Я рассматриваю точку, в которой был уничтожен мой беспилотник, и создаю новую схему поиска. Я фиксирую схему, и люки дронов снова открываются. Двадцать четыре новых дрона — 82,75 % от моего оставшегося количества — устремляются вверх, и я также открываю люки своих УВП[16].

Дроны с ревом полетели на север. На этот раз они не приближались медленно, потому что теперь они не просто искали LNC. На этот раз они уже знали его приблизительное местоположение, и их единственной задачей было уточнение и подтверждение для управления огнем.

Но LNC знал, что они появятся. Он уже резко развернулся на оставшихся гусеницах и остановился поперек долины, чтобы очистить огневое поле для своих неповрежденных левых бесконечных повторителей, и навстречу дронам с визгом полетели тяжелые ионные заряды. Его уцелевшие пулеметы и лазерные установки добавили свою ярость, и дроны разлетелись на части, как будто врезались головой в стену. Но каким бы эффективным ни был его огонь, он был менее эффективен, чем могли бы выдать его поврежденные системы ПВО, и один дрон — всего один — прожил достаточно долго, чтобы сообщить о его точном местоположении.

Я удивлен эффективностью огня LNC, но мои беспилотники выполнили свою миссию. Более того, они позволили мне впервые увидеть его повреждения, и я потрясен их серьезностью. Кажется невероятным, что он все еще способен передвигаться, а тем более вести прицельный огонь, и, несмотря на его трусость и предательство, я испытываю укол сочувствия к агонии, которая, должно быть, исходит от его болевых рецепторов. Тем не менее, он явно остается боеспособным, несмотря на свои ужасные раны, и я передаю его координаты своим ракетам. Мне требуется 0,00037 секунды, чтобы подтвердить правильность выбора цели, и затем я стреляю.

Пламя фонтанировало из затененных закоулков глубокой долины, когда ракетные залпы поднялись и с воем устремились на север, наводясь на свою цель. Большинство птичек ART`а шли по обычным, высоким траекториям, но треть из них шли низко, полагаясь на радар, позволяющий обходить рельеф, чтобы пройти прямо над долиной.
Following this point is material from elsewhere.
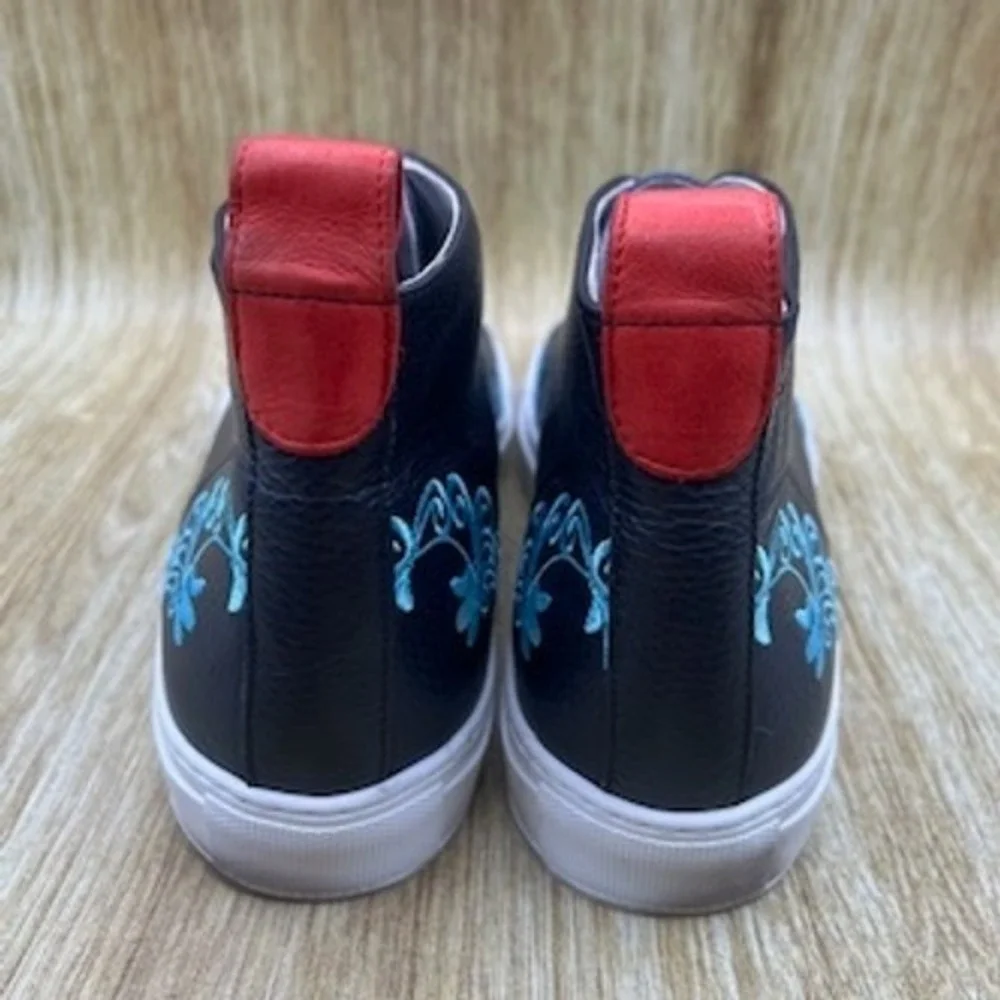 Del Toro Chukka‎ Boots Men's Size 11 Black Blue Floral Embroidery Made in Italy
Ураган его огня обрушился на широко разнесенные пеленги, а ослабленная активная защита LNC была недостаточной, чтобы перехватить все ракеты.

ART опустошил свои батареи УВП, бросив все оставшиеся боеголовки в своего бывшего товарища по бригаде, предателя. Чуть менее четырехсот ракет было выпущено менее чем за девяносто секунд, и LNC корчился от боли, когда десятки из них прошли сквозь его зону перехвата. Они колотили по его боевому экрану, разрывали изодранную броню, и болевые рецепторы выли, когда новые повреждения разбивали его израненный боевой корпус. Половина его оставшихся бесконечных повторителей была уничтожена, осталось еще меньше целых сенсоров, а его тринадцатитысячетонная громада содрогалась под безжалостным обстрелом.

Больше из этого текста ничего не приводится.